Mountain biking was “on trial” during an intense four-week inquiry hearing for the proposed Warburton Mountain Bike Destination, according to its executive project manager, Matt Harrington.
Victoria’s Minister for Planning, Richard Wynne, is expected to announce a decision on the project in late June or early July, after the enquiry applied intense scrutiny to the project and mountain biking in general.
“Mountain biking was very much on trial, in particular its acceptability in a national park setting,” Matt said.
However, Matt said the project team remains optimistic the venture Environmental Effects Statement (EES) and presentations to the inquiry satisfactorily address all the potential concerns.
“We put a really strong case forward to clearly demonstrate we understand the potential impacts of this project, and that these impacts will not be significant.
Preparations for November Start for Construction
The team is forging ahead with the other necessarily planning processes, including building permits and cultural heritage plans, so construction could potentially start in November if it is approved by the Minister.
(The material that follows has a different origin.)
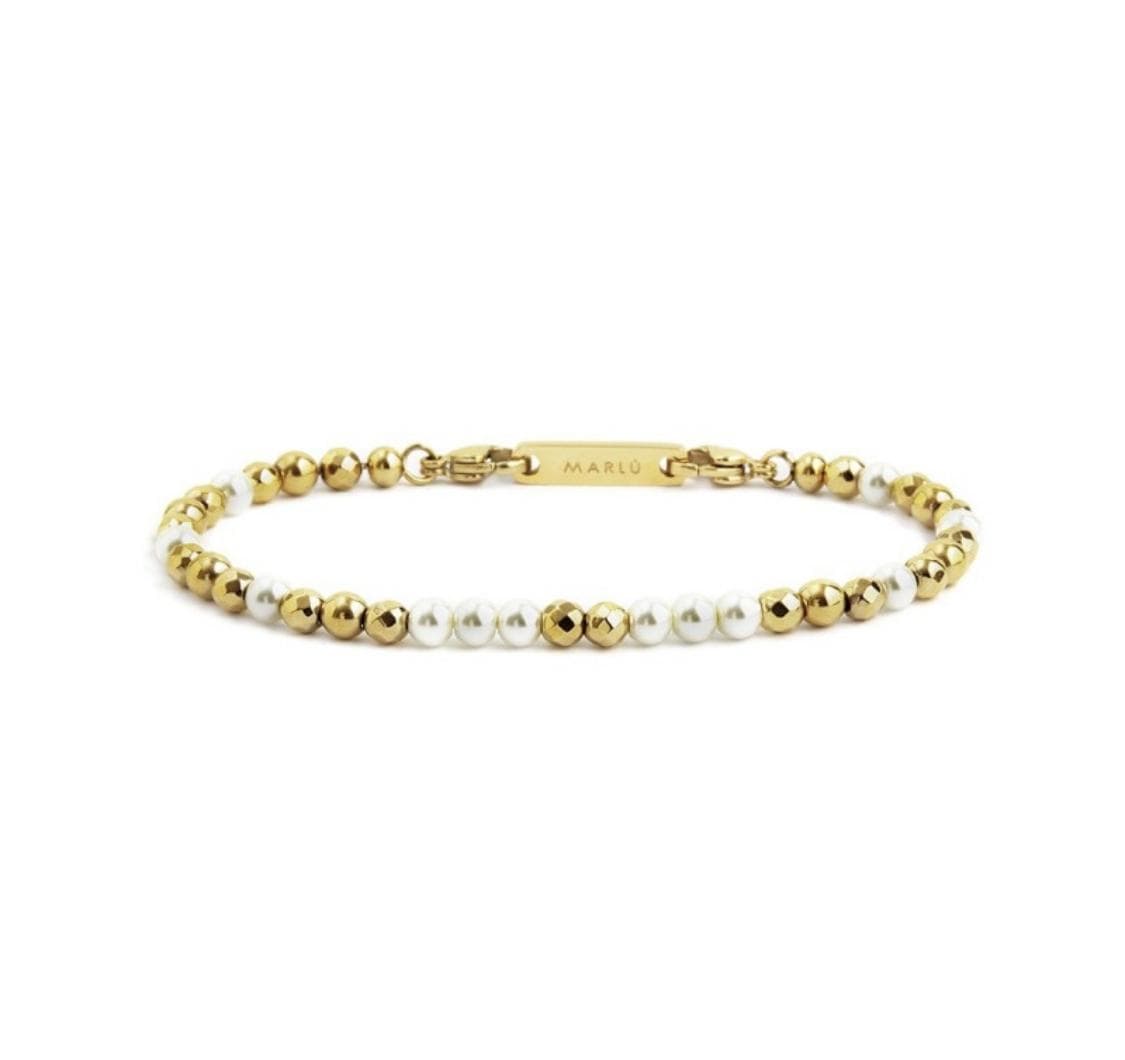 MARLÙ-BRACCIALE EMATITE E PERLE BIANCHE PVD ORO in Bracciali Alba Gioielli - Casoria, commercioVirtuoso.it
“We certainly can’t afford to sit on our hands at the moment,” he added.
In May 2020, the State Minister for Planning, Richard Wynne, ruled the Warburton project would be the first mountain bike facility to require an Environmental Effects Statement, under Victorian environmental protection laws, because many of the proposed facility’s 177km of trails would be located within the Yarra Ranges National Park.
An extraordinary total of 2707 submissions have been received on the mountain bike destination proposal and its EES, an unprecedented level of response to a cycling issue according to We Ride Australia’s director – national advocacy, Stephen Hodge.
The public hearing was held on 15th March to 7th April to give people a chance to speak on their submission.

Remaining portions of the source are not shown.